#### Task statement:
The answer must be an exact transcription of the lines below from the first through the one containing "Key to the Cosmos", with the pictures left out; please add nothing else.

Image-caption web data
Start of Block

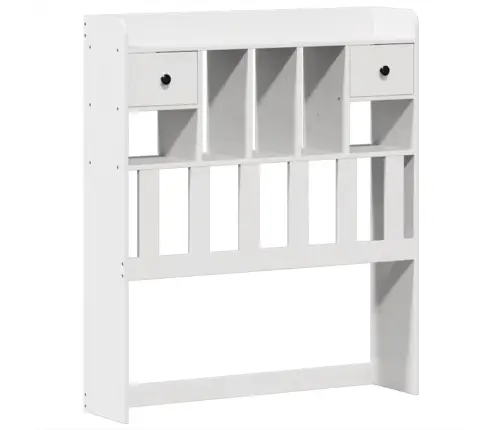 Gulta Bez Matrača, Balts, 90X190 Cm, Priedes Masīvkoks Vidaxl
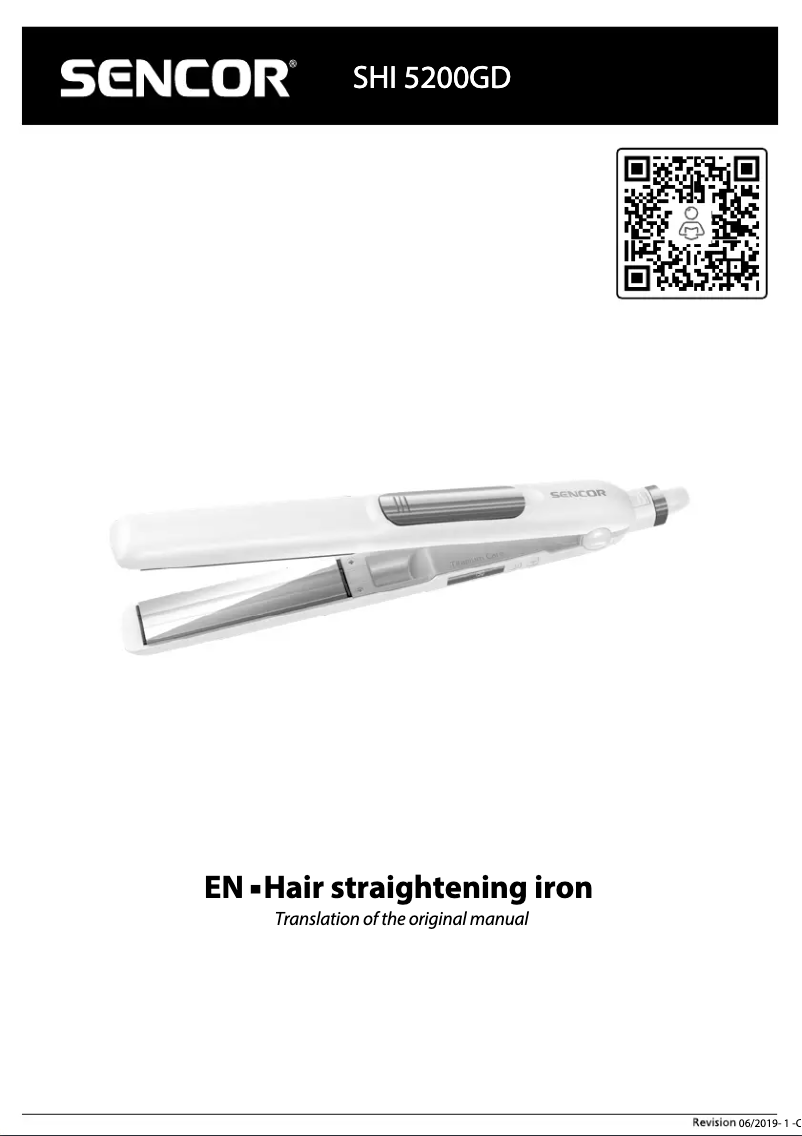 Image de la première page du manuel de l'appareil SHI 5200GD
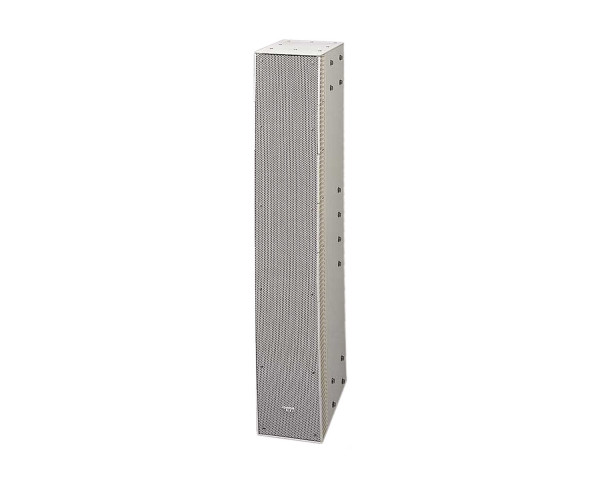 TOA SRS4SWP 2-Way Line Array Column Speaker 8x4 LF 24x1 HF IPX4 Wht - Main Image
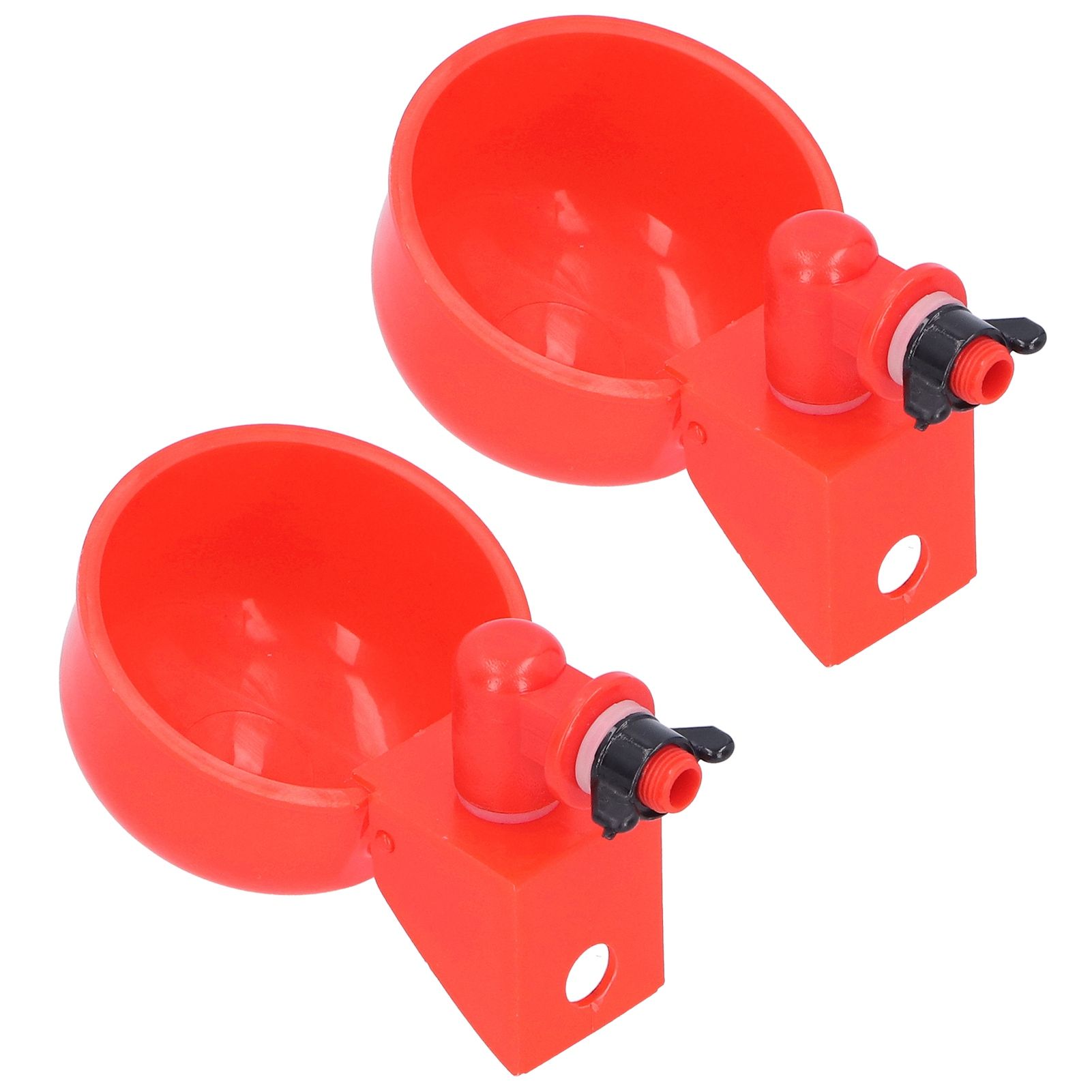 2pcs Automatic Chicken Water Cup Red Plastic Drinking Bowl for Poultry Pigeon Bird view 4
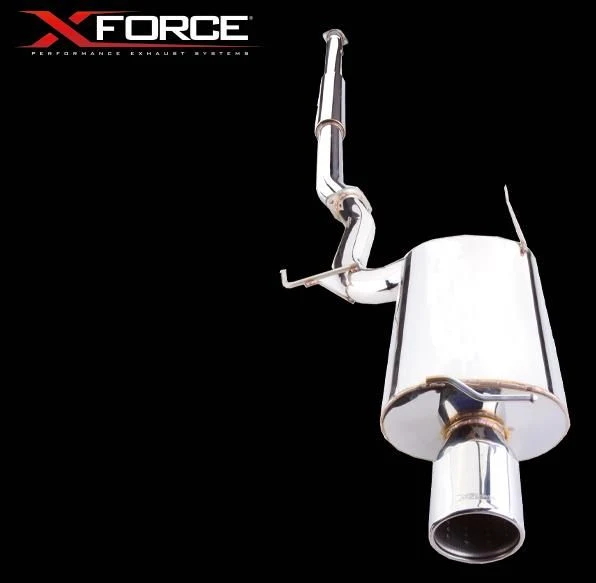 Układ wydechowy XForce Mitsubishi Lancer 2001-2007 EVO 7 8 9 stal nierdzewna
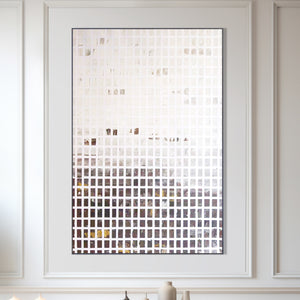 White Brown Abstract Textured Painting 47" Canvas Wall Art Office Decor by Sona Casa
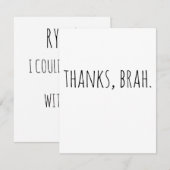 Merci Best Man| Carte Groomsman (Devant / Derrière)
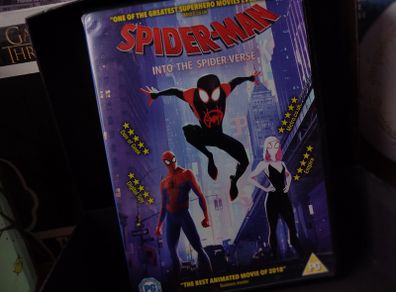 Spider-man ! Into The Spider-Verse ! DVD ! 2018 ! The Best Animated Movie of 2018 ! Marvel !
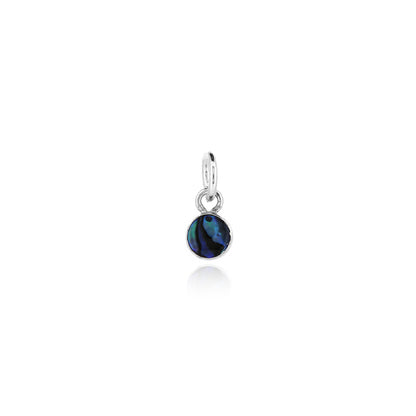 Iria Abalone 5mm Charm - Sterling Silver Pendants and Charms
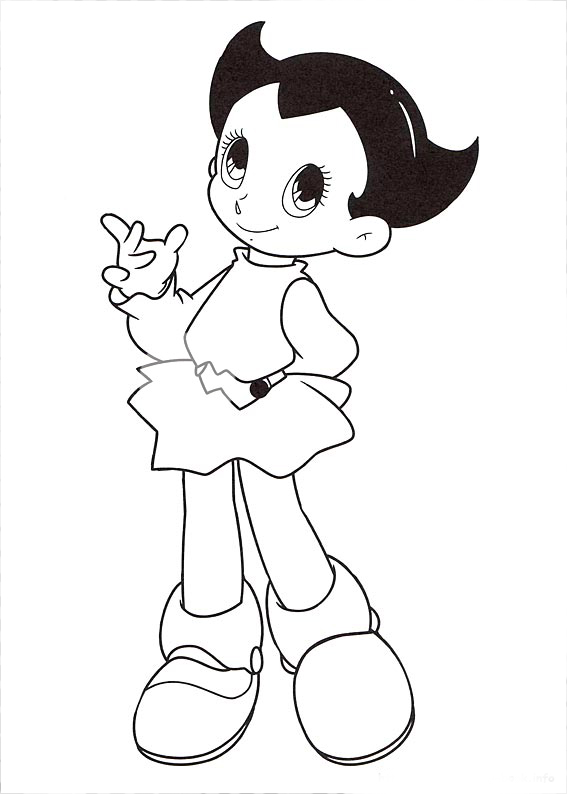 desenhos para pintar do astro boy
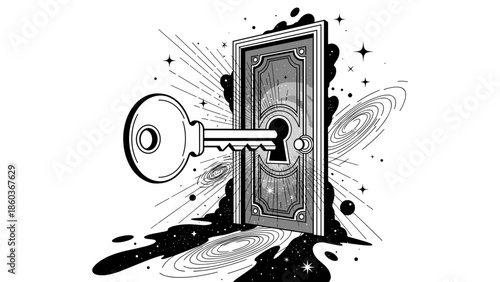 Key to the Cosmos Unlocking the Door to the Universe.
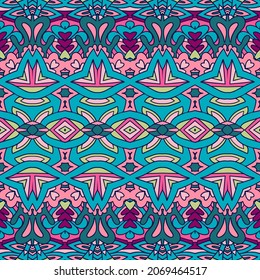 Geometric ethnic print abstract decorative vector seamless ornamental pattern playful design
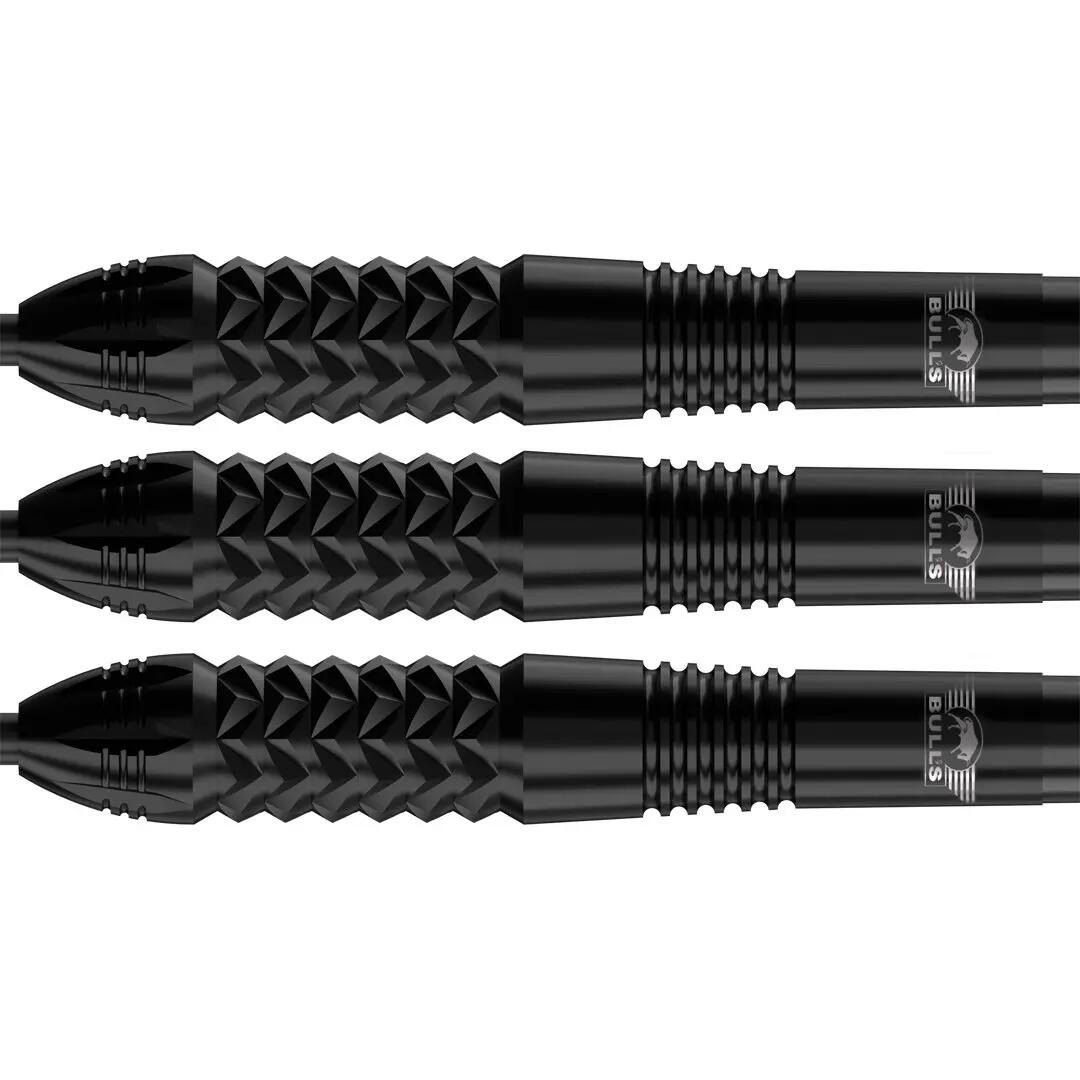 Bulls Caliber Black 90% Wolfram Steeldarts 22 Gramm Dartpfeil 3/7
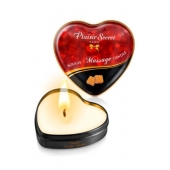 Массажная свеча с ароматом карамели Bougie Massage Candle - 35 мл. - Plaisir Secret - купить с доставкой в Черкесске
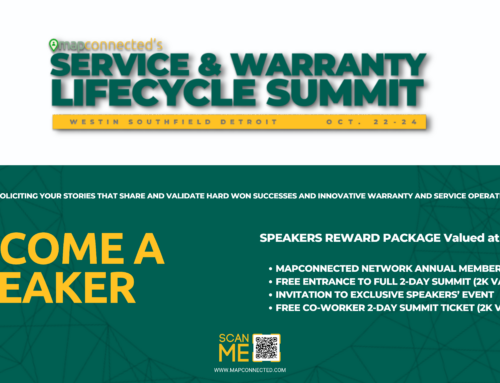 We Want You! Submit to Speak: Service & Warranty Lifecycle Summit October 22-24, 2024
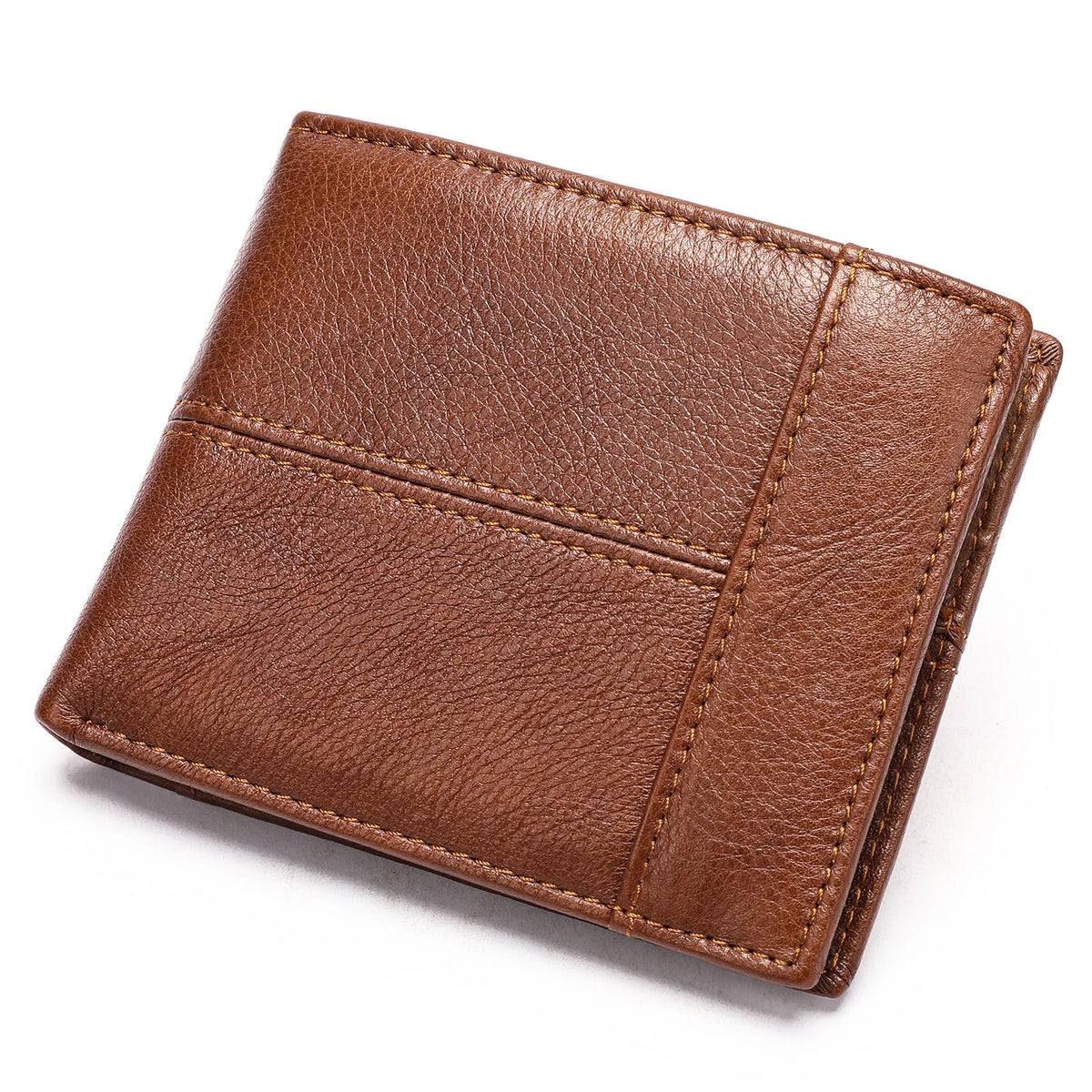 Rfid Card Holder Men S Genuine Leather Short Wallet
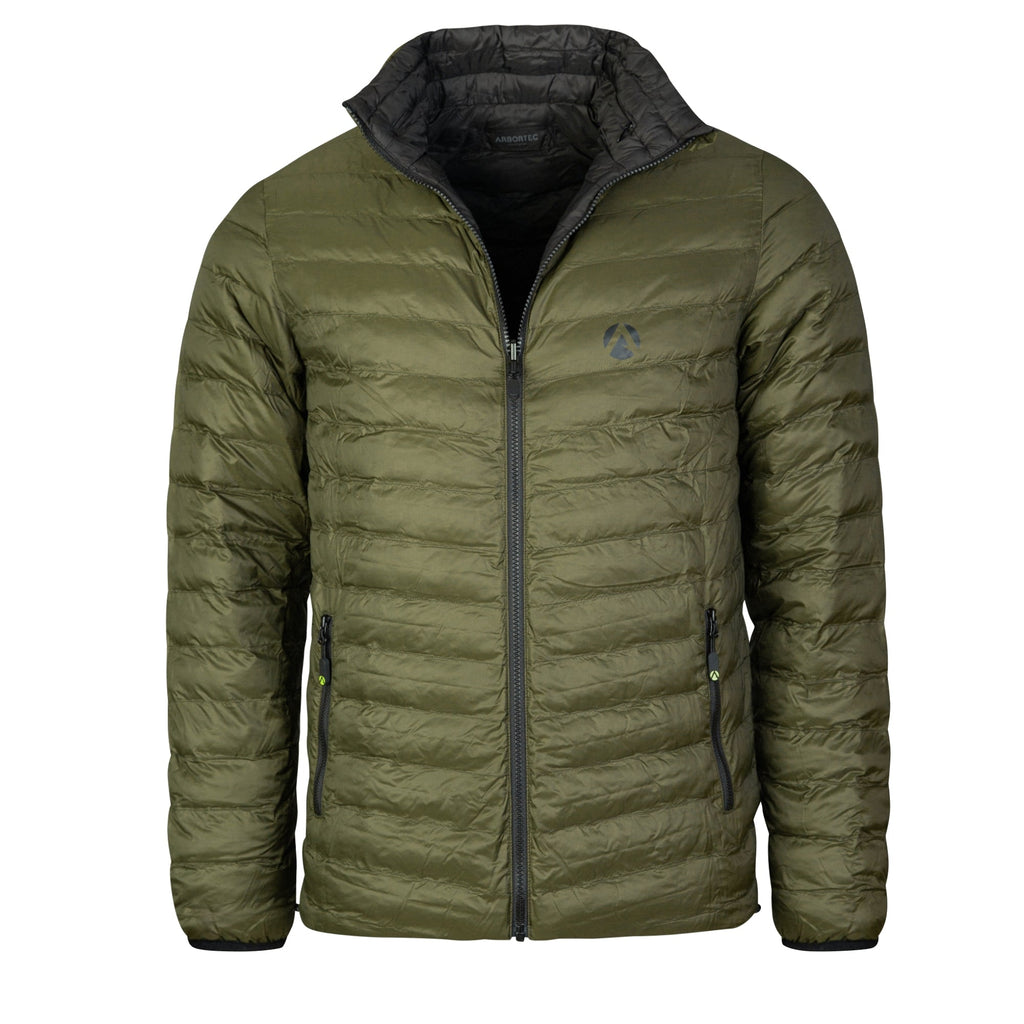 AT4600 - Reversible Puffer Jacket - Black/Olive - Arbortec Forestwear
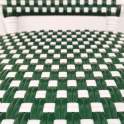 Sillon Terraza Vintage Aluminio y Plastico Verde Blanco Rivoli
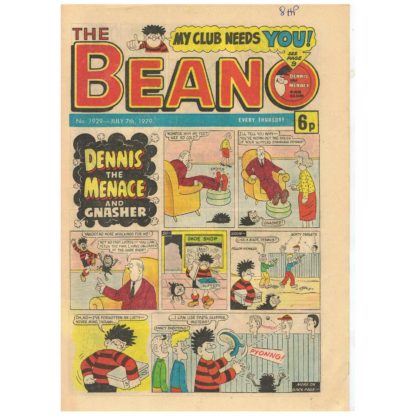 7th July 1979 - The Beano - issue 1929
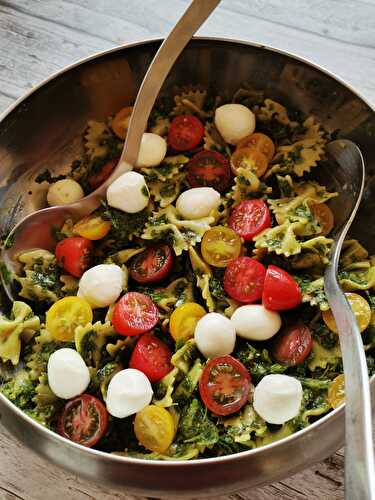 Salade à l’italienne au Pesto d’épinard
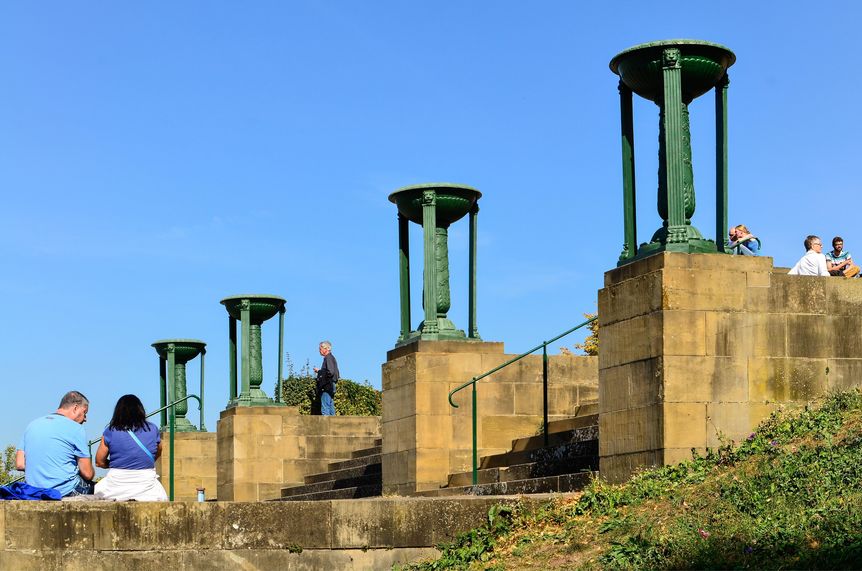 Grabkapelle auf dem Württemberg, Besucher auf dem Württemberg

End of Block

#### Task solution:
 Gulta Bez Matrača, Balts, 90X190 Cm, Priedes Masīvkoks Vidaxl
 Image de la première page du manuel de l'appareil SHI 5200GD
 TOA SRS4SWP 2-Way Line Array Column Speaker 8x4 LF 24x1 HF IPX4 Wht - Main Image
 2pcs Automatic Chicken Water Cup Red Plastic Drinking Bowl for Poultry Pigeon Bird view 4
 Układ wydechowy XForce Mitsubishi Lancer 2001-2007 EVO 7 8 9 stal nierdzewna
 White Brown Abstract Textured Painting 47" Canvas Wall Art Office Decor by Sona Casa
 Merci Best Man| Carte Groomsman (Devant / Derrière)
 Spider-man ! Into The Spider-Verse ! DVD ! 2018 ! The Best Animated Movie of 2018 ! Marvel !
 Iria Abalone 5mm Charm - Sterling Silver Pendants and Charms
 desenhos para pintar do astro boy
 Key to the Cosmos Unlocking the Door to the Universe.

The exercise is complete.